Exercise details - Below is a listing to transcribe in full and exactly; keep the pictures out.

Provided data -
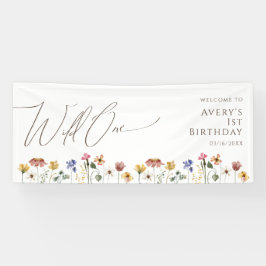 ワイルドフラワーカラフルワイルドワンウェルカム誕生日 横断幕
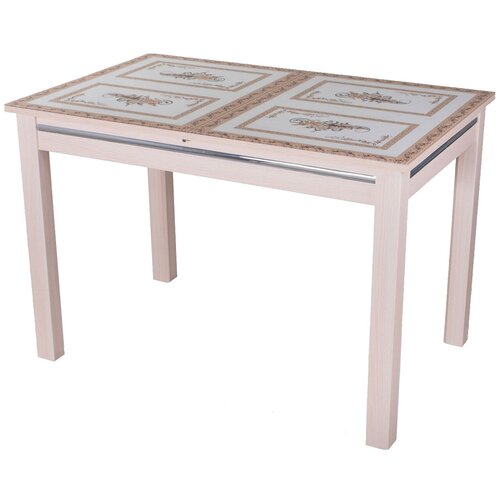 фото Стол кухонный домотека вальс-1 08, раскладной, дхш: 120 х 80 см, длина в разложенном виде: 157 см, мд ст-72 молочный дуб/белый с растительным орнаментом 08 мд молочный дуб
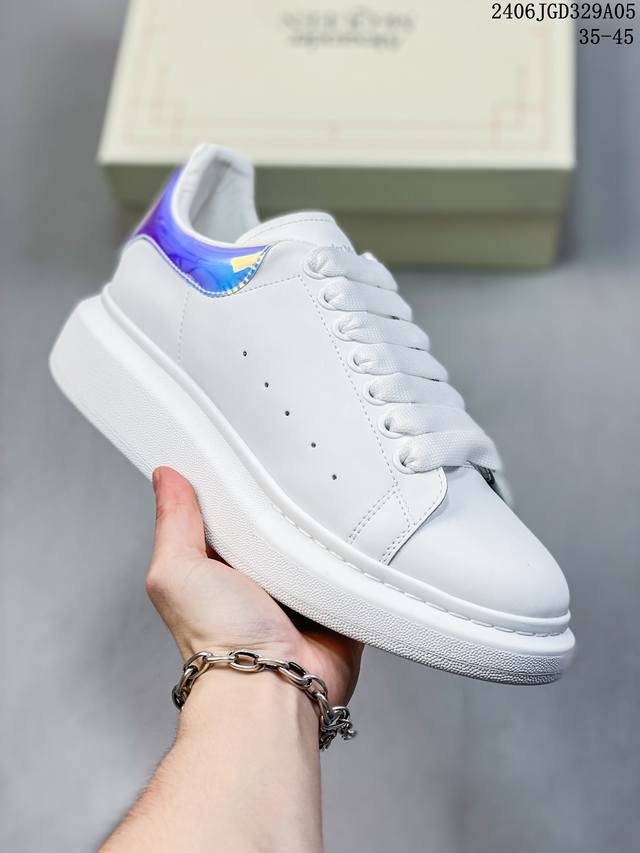 Alexander Mcqueen 麦坤亚历山大 麦昆 Sole Leather Sneakers低帮时装厚底休闲运动小白鞋。全套专柜包装物及配件 意大利进口丝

Response -
 ワイルドフラワーカラフルワイルドワンウェルカム誕生日 横断幕
 фото Стол кухонный домотека вальс-1 08, раскладной, дхш: 120 х 80 см, длина в разложенном виде: 157 см, мд ст-72 молочный дуб/белый с растительным орнаментом 08 мд молочный дуб
 Alexander Mcqueen 麦坤亚历山大 麦昆 Sole Leather Sneakers低帮时装厚底休闲运动小白鞋。全套专柜包装物及配件 意大利进口丝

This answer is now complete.